The longer I write in this genre, the more I think the answer has very little to do with numbers.
Family vs. Army
Broadly speaking, readers tend to fall into two camps.
Some prefer smaller, tighter harems where every relationship feels distinct and earned. These readers care about remembering who’s who, watching dynamics evolve, and feeling the emotional weight of absences, arguments, and reconciliations. For them, a harem works best when it feels like a chosen family.
Others enjoy large harems, sometimes very large ones. In those stories, size becomes part of the fantasy. A sprawling harem signals power and dominance. It suggests the protagonist has reached a level where attraction, loyalty, and influence flow toward him almost automatically.
Neither preference is wrong, but each comes with its own trade-offs.
Writing Large Harems: The In-World Logistics
This tension between small and large harems shows up directly in my own series.

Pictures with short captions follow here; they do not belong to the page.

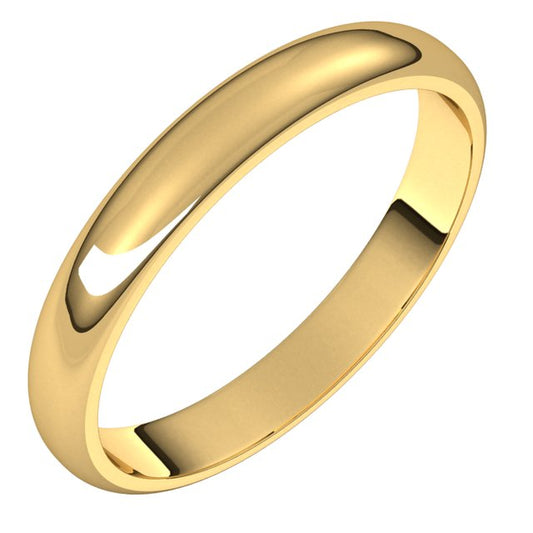 Half Round Bands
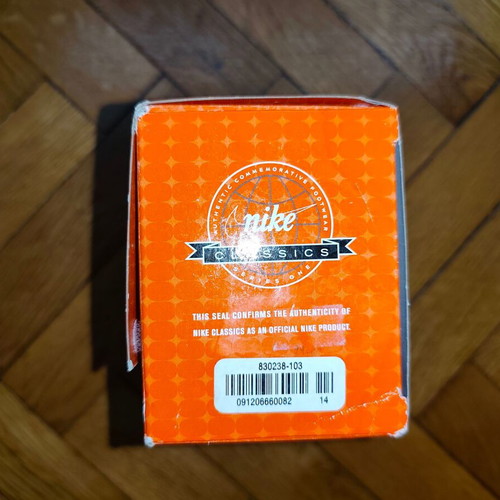 Nike Air Force 1 Classics Bowen Designs Toy Limited Edition New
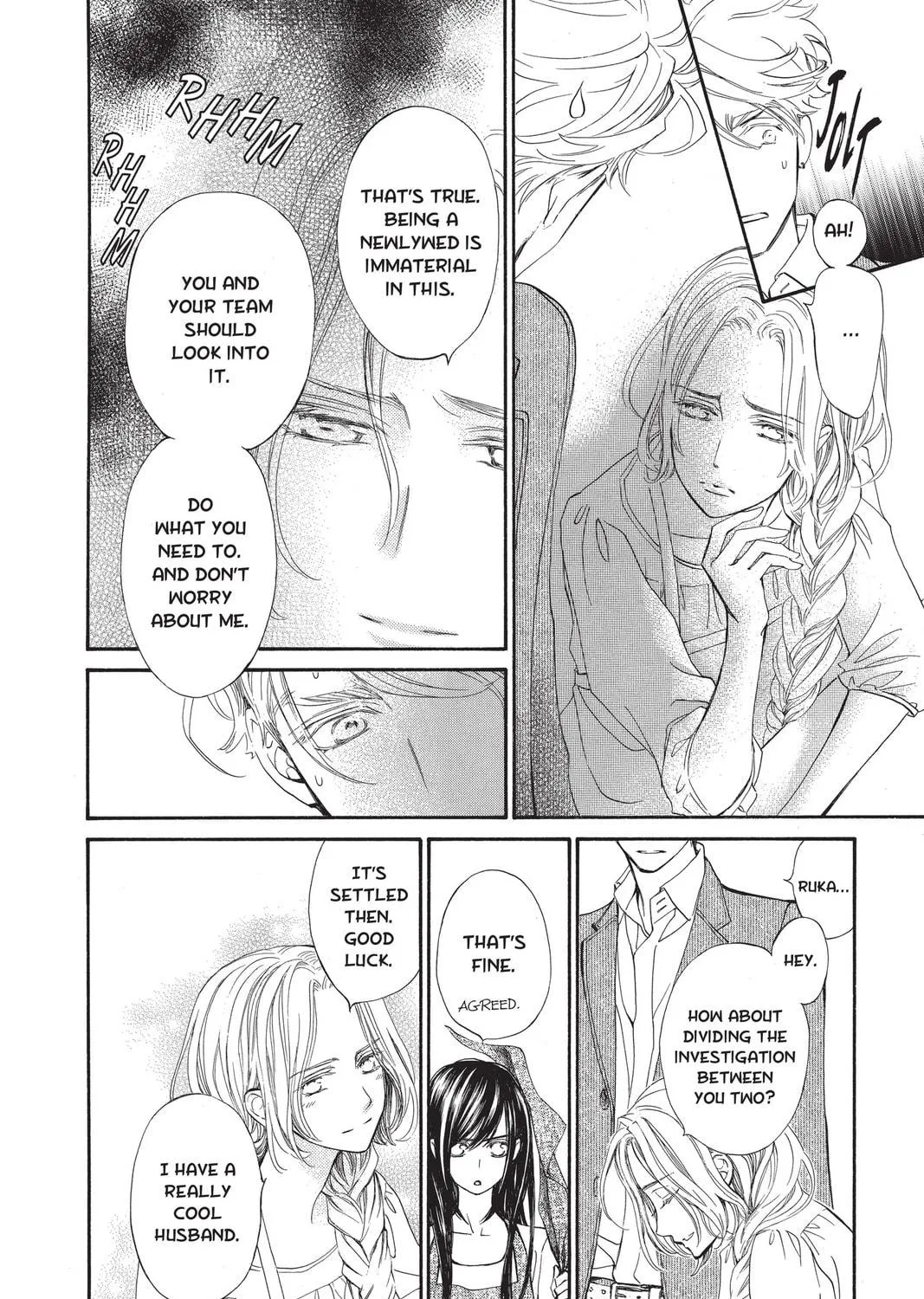 Read Vampire Knight: Memories chapter 14 image 10 on Lezhin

In Grimoire of Lust, there are multiple models of large-scale covens. Ravenna “Queen” Carter controls a coven of over three hundred witches. Ambridge Dalston, leader of the Nocturnus Conclave, commands a similarly massive organization.

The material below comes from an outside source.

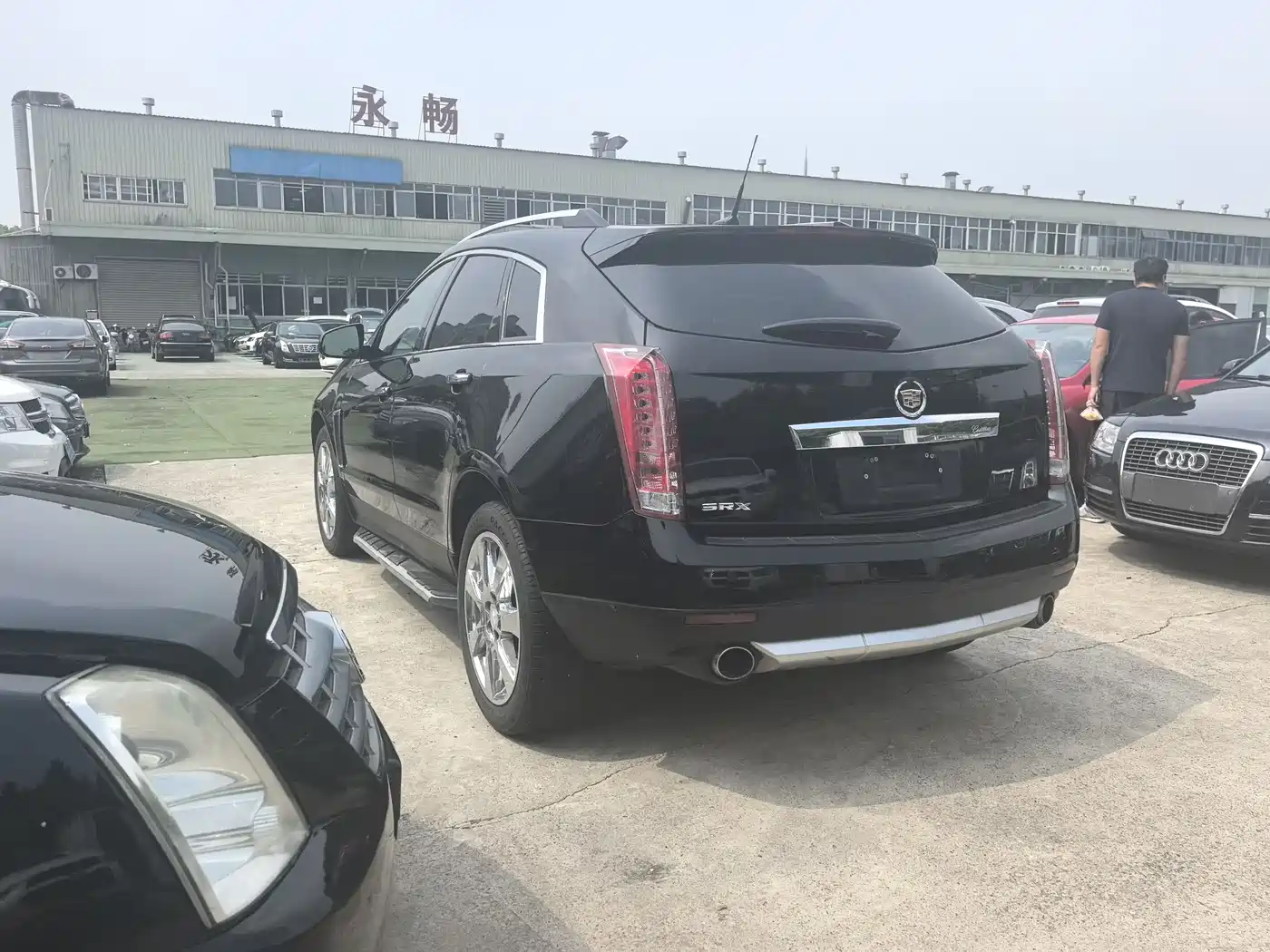 Cadillac SRX 2012 3.0L Comfort фото 14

In both cases, intimacy isn’t the point.
These covens function more like armies or courts than families. Power flows downward. Loyalty is enforced. Distance is deliberate. Scale brings control, reach, and survival, but it also strips away personal connection.
Chris Daniels exists at the opposite end of that spectrum.
At thirteen coven members, he already feels stretched thin. Not just emotionally, but practically. As a focal, he isn’t simply a leader. He’s a power source, mentor, partner, anchor, lover, and emotional center. Every new member adds strain: time, attention, energy, and trust.
Within his own coven, there’s tension. The original coven core believes expansion is necessary for protection. Bigger covens survive. Smaller ones get swallowed.
Chris understands that logic.
But for him, his coven isn’t an army. It’s family. And he worries that if it grows too fast, it will lose the warmth and closeness that made it worth protecting in the first place.
That tension between survival and connection is something I keep coming back to as a writer—no matter how large his coven eventually becomes.
What Readers Actually Seem to Want
After talking with readers, one thing has become clear: most aren’t fixated on harem size itself. What they care about is character depth.
Readers are generally happy to follow a small or a large coven as long as the characters feel like people, with distinct voices, clear motivations, and relationships that change over time.
A harem of four can feel meaningless if no one has depth.A harem of thirty can work if the author takes the time to flesh out roles, personalities, and make the characters feel human.
So, where do you land? Do you prefer smaller, close-knit harems, or large covens that feel closer to armies?